I don't have all the answers. But there's something wrong with how we're “fueling” athletes. They consume chocolate milk, pasta, pizza, fruit juice, energy chews, recovery drinks, Gatorade, etc. You might be asking what's wrong with this. We're shoveling hundreds of grams of cheap sugar and processed carbohydrates into athletes every day. Is this healthy? Do they really “burn” these calories off? Is this the best way to fuel their activity?

How can we continue kidding ourselves into believing that this is good nutrition? It's a disaster. It isn't quality, it's the cheapest option. We're kidding ourselves if we think a diet full of cheap, processed carbohydrates is good "fuel" for athletes. It's the easiest and cheapest option. (How convenient, I know). And then schools wonder why they fail. Too many easy choices never make things right. We're setting a bad example for young people to follow.

This all makes me question what we're doing. Maybe athletes don't need this insane amount of sugar. Just because athletes can eat crap for a few years doesn't mean they should.

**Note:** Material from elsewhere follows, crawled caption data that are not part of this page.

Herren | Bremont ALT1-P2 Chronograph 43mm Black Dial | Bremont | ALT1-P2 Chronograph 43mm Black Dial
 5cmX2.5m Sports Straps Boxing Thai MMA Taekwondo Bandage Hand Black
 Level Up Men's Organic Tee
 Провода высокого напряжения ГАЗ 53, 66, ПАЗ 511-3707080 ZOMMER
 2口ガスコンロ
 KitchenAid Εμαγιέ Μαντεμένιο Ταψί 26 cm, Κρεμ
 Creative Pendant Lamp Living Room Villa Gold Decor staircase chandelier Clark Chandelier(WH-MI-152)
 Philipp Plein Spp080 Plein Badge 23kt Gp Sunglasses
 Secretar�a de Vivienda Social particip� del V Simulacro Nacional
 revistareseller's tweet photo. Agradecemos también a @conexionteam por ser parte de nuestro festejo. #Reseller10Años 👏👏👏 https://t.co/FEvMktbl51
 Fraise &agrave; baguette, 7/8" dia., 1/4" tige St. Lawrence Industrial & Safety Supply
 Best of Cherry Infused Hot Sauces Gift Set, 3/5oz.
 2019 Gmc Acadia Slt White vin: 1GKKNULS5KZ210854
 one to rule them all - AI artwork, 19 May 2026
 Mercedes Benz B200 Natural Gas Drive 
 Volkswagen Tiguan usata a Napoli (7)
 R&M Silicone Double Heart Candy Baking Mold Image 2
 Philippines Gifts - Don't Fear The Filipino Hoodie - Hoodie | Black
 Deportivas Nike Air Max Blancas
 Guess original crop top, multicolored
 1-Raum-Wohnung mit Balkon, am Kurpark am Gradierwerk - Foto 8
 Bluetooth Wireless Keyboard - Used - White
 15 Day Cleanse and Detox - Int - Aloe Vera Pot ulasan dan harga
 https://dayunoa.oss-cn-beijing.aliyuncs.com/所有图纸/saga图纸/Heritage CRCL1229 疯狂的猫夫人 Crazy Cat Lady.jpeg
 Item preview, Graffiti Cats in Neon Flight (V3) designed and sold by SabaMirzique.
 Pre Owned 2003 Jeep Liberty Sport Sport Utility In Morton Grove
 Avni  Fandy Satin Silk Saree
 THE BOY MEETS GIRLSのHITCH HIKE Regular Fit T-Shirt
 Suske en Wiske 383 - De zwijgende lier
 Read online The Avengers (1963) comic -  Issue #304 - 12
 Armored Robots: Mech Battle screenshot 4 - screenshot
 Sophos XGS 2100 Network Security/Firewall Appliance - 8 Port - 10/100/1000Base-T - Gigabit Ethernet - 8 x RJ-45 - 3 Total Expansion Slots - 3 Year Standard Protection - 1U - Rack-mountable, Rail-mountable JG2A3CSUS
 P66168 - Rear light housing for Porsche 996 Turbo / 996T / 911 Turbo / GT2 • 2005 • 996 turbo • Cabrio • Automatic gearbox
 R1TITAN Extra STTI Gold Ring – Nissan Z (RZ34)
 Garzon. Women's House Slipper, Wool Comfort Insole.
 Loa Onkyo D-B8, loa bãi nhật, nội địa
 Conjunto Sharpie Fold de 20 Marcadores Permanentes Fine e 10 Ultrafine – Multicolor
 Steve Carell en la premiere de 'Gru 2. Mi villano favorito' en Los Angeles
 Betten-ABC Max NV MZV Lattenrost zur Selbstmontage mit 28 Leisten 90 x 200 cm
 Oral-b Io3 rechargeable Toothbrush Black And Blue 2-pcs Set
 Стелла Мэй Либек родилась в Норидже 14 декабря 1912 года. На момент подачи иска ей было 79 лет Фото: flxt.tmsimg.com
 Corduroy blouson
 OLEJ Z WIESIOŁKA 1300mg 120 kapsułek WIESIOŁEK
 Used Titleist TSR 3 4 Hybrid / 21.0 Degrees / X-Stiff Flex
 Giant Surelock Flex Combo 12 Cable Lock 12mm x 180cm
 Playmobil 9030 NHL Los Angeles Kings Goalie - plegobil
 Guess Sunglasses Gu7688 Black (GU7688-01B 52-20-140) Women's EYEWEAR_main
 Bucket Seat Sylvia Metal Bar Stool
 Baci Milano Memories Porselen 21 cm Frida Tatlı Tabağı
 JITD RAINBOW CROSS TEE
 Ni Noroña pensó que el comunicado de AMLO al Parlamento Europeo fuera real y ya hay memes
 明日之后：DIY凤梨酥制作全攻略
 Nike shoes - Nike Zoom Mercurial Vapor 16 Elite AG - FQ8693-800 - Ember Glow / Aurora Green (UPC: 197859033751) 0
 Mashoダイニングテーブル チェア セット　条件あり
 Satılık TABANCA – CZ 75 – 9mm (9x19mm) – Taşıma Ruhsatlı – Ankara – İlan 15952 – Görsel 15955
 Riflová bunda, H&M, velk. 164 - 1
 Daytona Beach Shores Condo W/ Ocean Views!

There's no debating that athletes need a lot of food for energy. They practice, play games, and have school work to do. But do they need endless amounts of this so-called “fuel?” Unfortunately, we've chosen to provide quantity instead of quality.

On top of setting a bad example, we're also setting kids up to fail after graduation. Let's be honest-90% of athletes aren't playing professional sports. So, how do you think they're going to eat when they graduate? Is there diet magically going to switch from pizza and Gatorade to meat and vegetables? Obviously not.

But, you see, the real problem is that we-as an industry-just don't care. We say we do. We tell the cameras that we're here for the “student-athlete experience.” We share our love of helping young people. We say all the right things. And they sound wonderful. But we're full of hot air. These are lies.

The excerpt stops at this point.